> _WORK INSTRUCTIONS_
Of the lines below, write out exactly those from the line with "Now this is" through the line with "When it comes", both included, and skip the rest.

*** SOURCE RECORDS Section Begins ***

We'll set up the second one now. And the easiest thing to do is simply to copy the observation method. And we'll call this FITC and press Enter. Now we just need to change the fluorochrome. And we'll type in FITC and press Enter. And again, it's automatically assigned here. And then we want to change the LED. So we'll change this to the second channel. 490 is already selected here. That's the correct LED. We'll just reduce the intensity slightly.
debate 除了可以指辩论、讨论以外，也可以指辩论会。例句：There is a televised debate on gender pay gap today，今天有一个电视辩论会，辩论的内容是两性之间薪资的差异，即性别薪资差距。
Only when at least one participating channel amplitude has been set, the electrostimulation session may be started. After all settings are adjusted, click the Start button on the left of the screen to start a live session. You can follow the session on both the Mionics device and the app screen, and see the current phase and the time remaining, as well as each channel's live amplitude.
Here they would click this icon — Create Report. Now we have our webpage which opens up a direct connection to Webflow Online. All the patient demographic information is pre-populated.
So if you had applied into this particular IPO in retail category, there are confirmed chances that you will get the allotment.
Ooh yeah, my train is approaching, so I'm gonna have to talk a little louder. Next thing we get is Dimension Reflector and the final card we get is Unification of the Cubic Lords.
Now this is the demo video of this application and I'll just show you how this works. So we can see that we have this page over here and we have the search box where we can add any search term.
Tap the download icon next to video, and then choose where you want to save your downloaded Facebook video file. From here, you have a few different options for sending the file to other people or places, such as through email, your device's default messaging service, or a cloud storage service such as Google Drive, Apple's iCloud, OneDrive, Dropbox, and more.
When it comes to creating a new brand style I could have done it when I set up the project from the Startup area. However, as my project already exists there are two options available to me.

*** SOURCE RECORDS Section Ends ***
*** SOURCE RECORDS Section Begins ***

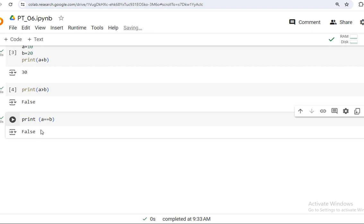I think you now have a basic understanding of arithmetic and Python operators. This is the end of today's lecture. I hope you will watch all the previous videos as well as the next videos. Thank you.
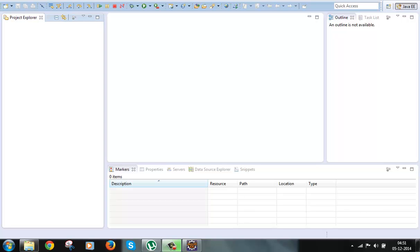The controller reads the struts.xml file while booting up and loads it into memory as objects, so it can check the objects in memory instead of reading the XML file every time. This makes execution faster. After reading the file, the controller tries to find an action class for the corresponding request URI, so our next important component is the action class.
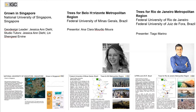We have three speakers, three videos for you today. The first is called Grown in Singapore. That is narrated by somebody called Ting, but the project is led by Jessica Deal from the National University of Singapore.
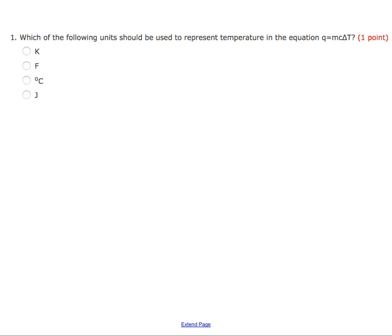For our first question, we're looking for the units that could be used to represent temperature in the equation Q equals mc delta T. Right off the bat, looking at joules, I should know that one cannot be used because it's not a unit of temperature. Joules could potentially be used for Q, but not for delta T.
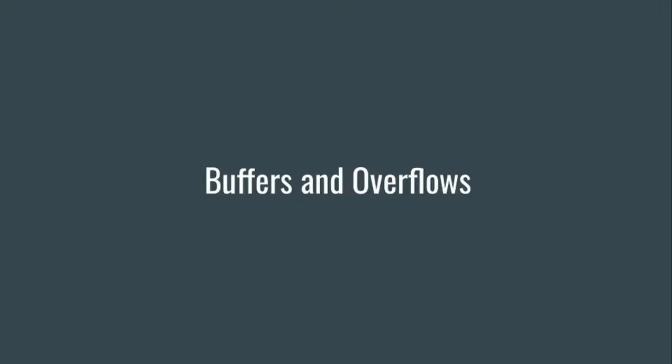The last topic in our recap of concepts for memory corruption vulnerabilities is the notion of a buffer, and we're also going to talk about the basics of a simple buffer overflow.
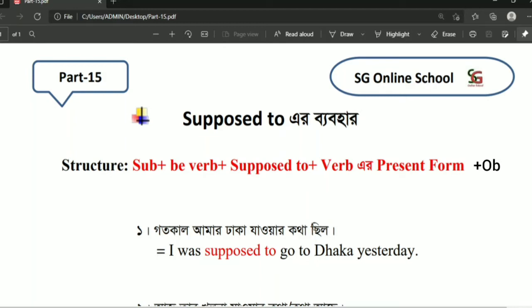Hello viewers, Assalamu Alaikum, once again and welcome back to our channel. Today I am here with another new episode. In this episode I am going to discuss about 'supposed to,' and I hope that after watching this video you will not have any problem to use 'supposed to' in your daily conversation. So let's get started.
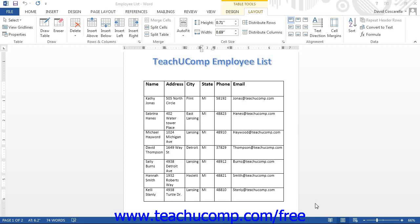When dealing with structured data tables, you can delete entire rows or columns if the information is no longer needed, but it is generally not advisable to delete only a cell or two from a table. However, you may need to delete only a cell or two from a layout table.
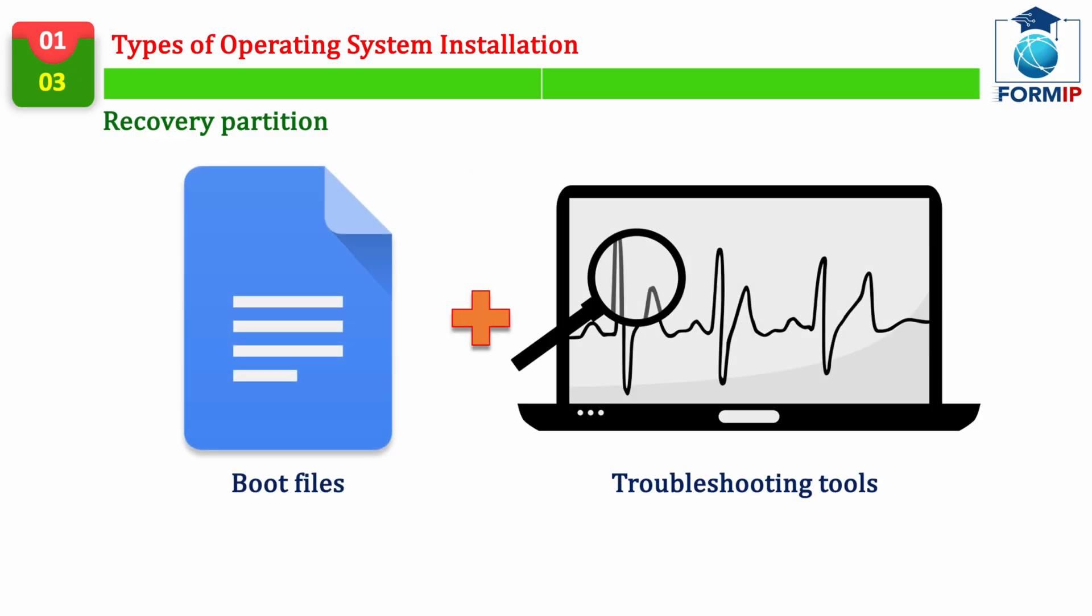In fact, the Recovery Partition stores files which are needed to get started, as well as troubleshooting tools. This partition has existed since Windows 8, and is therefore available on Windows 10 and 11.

*** SOURCE RECORDS Section Ends ***

> _PROBLEM SOLUTION_
Now this is the demo video of this application and I'll just show you how this works. So we can see that we have this page over here and we have the search box where we can add any search term.
Tap the download icon next to video, and then choose where you want to save your downloaded Facebook video file. From here, you have a few different options for sending the file to other people or places, such as through email, your device's default messaging service, or a cloud storage service such as Google Drive, Apple's iCloud, OneDrive, Dropbox, and more.
When it comes to creating a new brand style I could have done it when I set up the project from the Startup area. However, as my project already exists there are two options available to me.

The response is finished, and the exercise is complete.